El viaje del Papa a Cuba ha quedado marcado por un pensamiento: servir al otro es el acto que nos renueva y que muda las sociedades desde su interior. Esta es la propuesta política más revolucionaria que se puede hacer, y de la que cabe esperar la renovación no sólo de la isla, sino de la humanidad.

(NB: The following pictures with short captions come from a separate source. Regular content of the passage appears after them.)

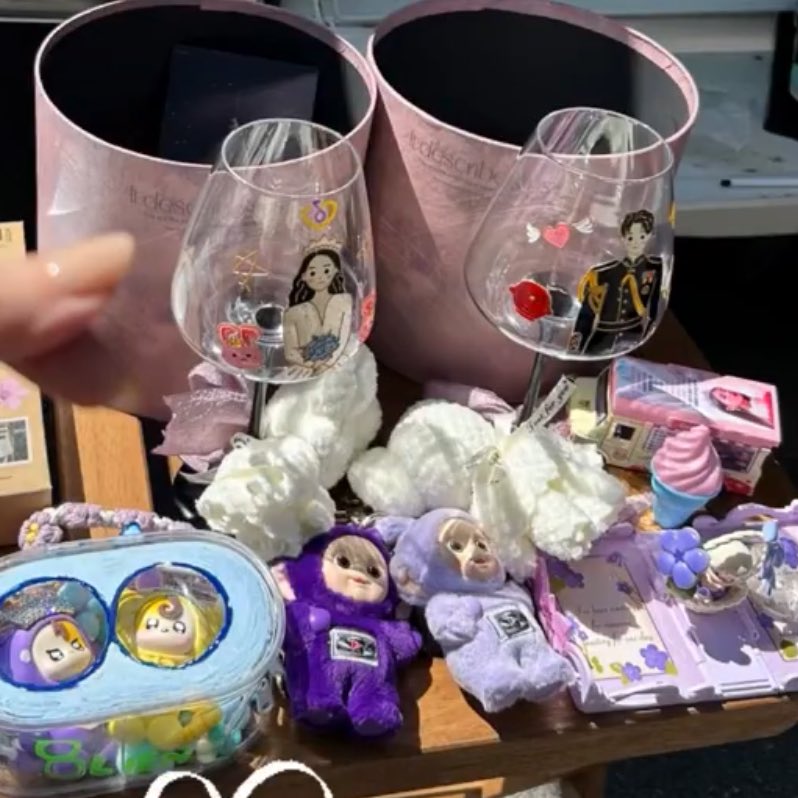 quteha2's tweet image. แก้วเพ้นจากบ้าน UTOPIA น่ารักมาก ㅠㅠ ของไอยูเป็นลายลัคกี้ ตัวแทนยูแอนารุ่น 7 🐰 ส่วนของพี่อูซอกเป็นลายตุ๊กตาอูเชทงและทงแดงงี่ ตัวแทนพี่อูซอกกับแฟนคลับ 📮 ดีเทลมากก ทำด้วยใจจริงๆ 🥹 #21세기대군부인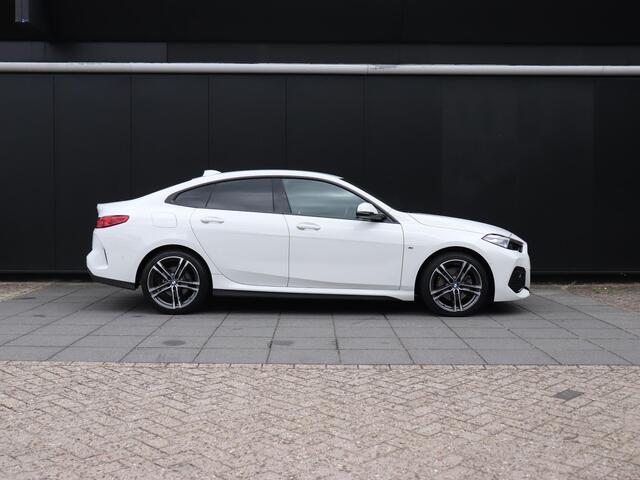BMW 2-SERIE Gran Coupé 218i Business Edition | M SPORT | CAMERA | CRUISE | NAVI | APPLE CARPLAY |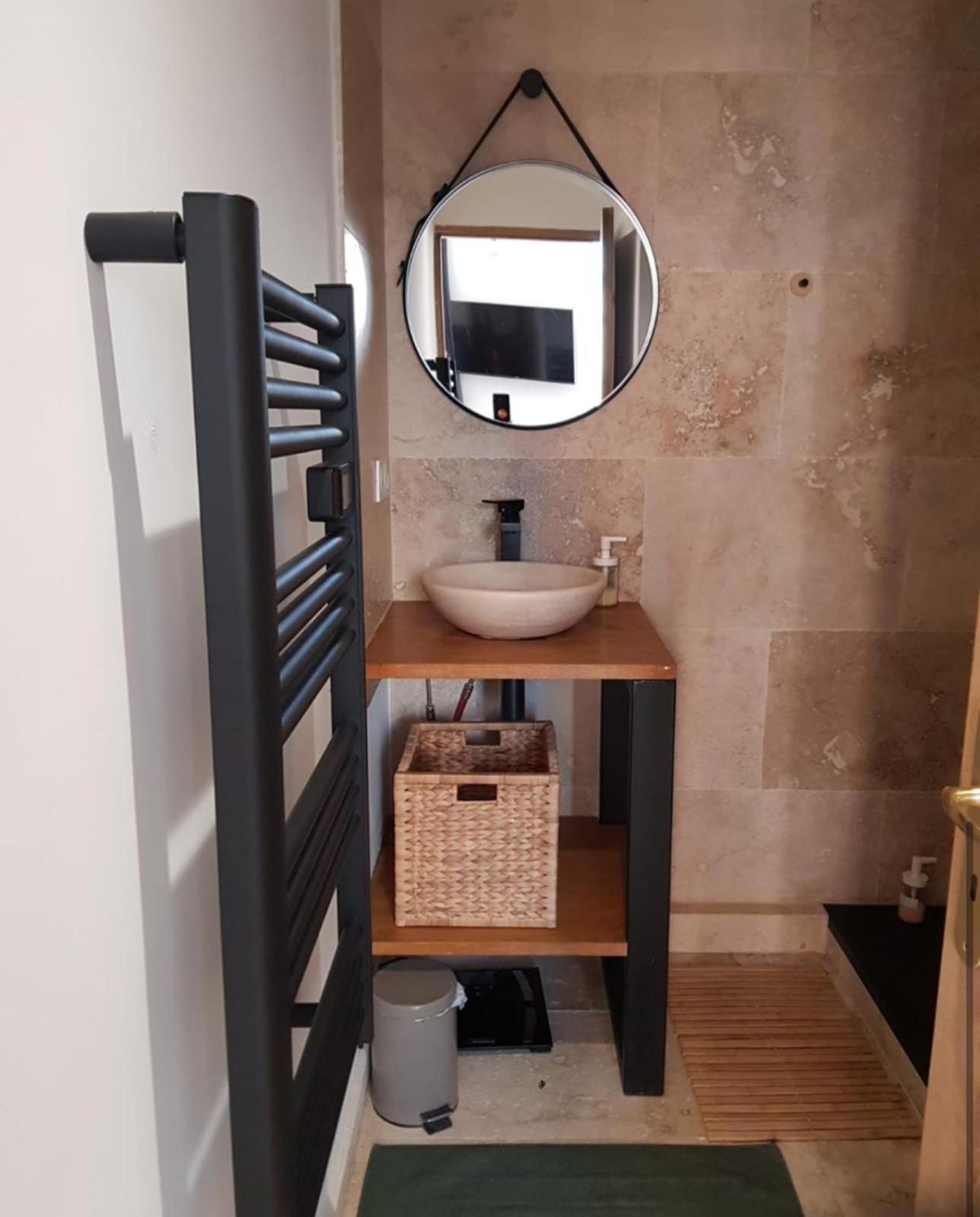 And Comfortable Studio, Near Train Station Apartment *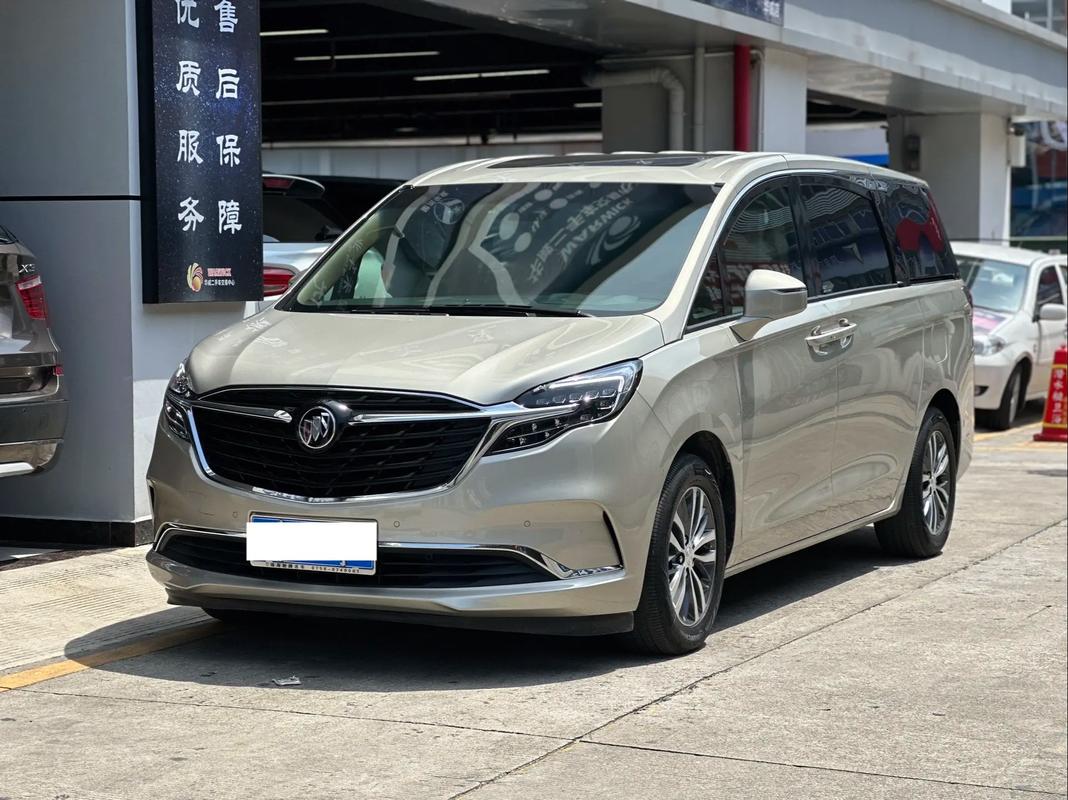 别克gl8改款最新消息 别克gl8商务车报价2020款改装版的2018款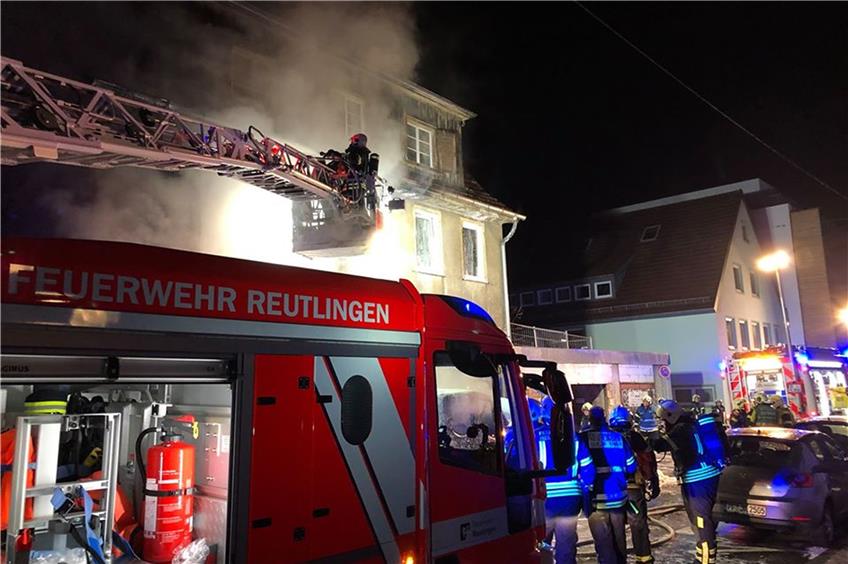 Weil zunächst vermutet wurde, es könnten noch Menschen in dem brennenden Gebäude sein, rückte die Feuerwehr mit einem Großaufgebot samt Drehleiter an. Bild: Feuerwehr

Porque de la historia podemos aprender que las transformaciones sociales que no han estado orientadas por la idea de servicio sino por luchas de poder más o menos evidentes sólo han acarreado violencia. Los movimientos que se guían por patrones ideológicos consiguen su primacía imponiendo una violencia superior a la que había previamente, porque tal es la mecánica del único camino que conocen hacia la victoria. Pero, ¿qué victoria es ésta que se funda en la persecución, en las armas, en la confrontación y en silenciar las voces de los disidentes? ¿Qué victoria es ésta que antepone nociones temporales y discutibles, que necesariamente serán superadas con el paso del tiempo, a la realidad primera y más evidente, que es la dignidad de la persona humana?
Tomemos esta dirección muy en serio. No se puede identificar el servicio a los demás con una forma de “buenismo” que queda arrinconada ante la fuerza de la represión, ante la capacidad de arrastrar a las masas que tienen esos discursos que son simplones, pero que utilizan técnicas de manipulación muy desarrolladas. No hay otra opción más que elegir entre el servicio, que busca el bien común, o la violencia que obedece, siempre, a los intereses de unos pocos.
Cuba, como México, pero como el mundo entero, se encuentra en un momento crucial que el Papa se ocupa de destacar cada vez que le es posible: cambiar un modelo de relaciones humanas basadas en el interés, que lleva a la disputa, al descarte, a la pobreza y que nos arrastra a la destrucción del planeta, o abrir el horizonte de un bien común compartido en el que prima la solidaridad entre los hermanos que nacemos bajo un mismo sol.